┏━━

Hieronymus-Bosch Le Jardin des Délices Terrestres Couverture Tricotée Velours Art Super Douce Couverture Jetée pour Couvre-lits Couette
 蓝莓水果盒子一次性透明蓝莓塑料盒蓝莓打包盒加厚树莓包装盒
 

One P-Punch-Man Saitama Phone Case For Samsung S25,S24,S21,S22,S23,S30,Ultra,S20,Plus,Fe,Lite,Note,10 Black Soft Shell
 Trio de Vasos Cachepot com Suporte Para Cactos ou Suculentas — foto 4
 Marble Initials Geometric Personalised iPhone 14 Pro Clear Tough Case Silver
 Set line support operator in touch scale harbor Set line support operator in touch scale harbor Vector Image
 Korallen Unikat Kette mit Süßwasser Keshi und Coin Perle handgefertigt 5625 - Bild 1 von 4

┗━━

What is being asked:
If a line in the listing contains the string "Case", count it; then give only the number of such lines.

Exercise output:
2